Exercise objective:
I would like the line with "Sale Photo Thumbnail" and every line after it, down to the end of the entries below, output exactly and without pictures.

· · ·

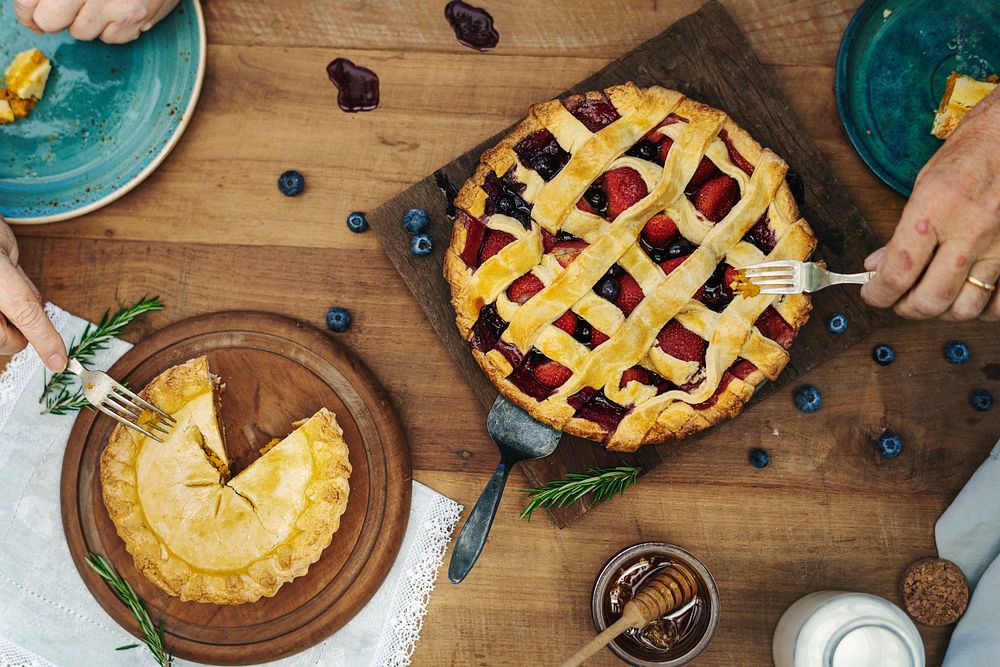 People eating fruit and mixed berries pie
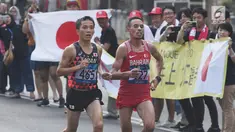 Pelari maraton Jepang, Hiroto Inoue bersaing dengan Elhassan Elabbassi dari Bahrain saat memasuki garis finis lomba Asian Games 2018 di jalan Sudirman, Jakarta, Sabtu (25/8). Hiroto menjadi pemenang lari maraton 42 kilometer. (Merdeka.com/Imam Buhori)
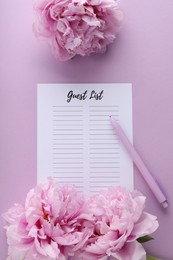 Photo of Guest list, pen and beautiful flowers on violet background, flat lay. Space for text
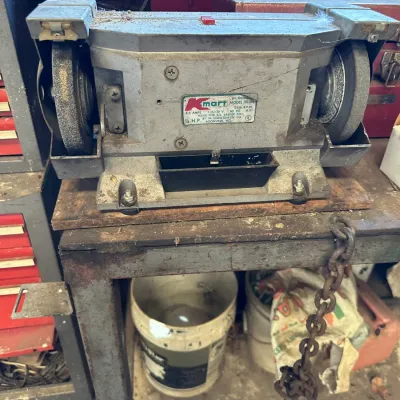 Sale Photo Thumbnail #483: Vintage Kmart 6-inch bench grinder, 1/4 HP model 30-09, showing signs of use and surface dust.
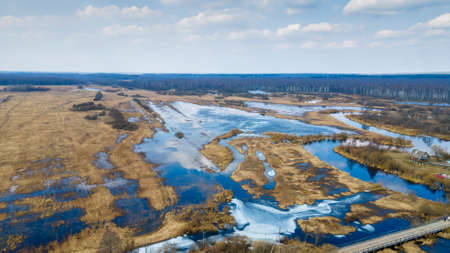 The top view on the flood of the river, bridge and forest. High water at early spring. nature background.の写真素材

· · ·

Result:
 Sale Photo Thumbnail #483: Vintage Kmart 6-inch bench grinder, 1/4 HP model 30-09, showing signs of use and surface dust.
 The top view on the flood of the river, bridge and forest. High water at early spring. nature background.の写真素材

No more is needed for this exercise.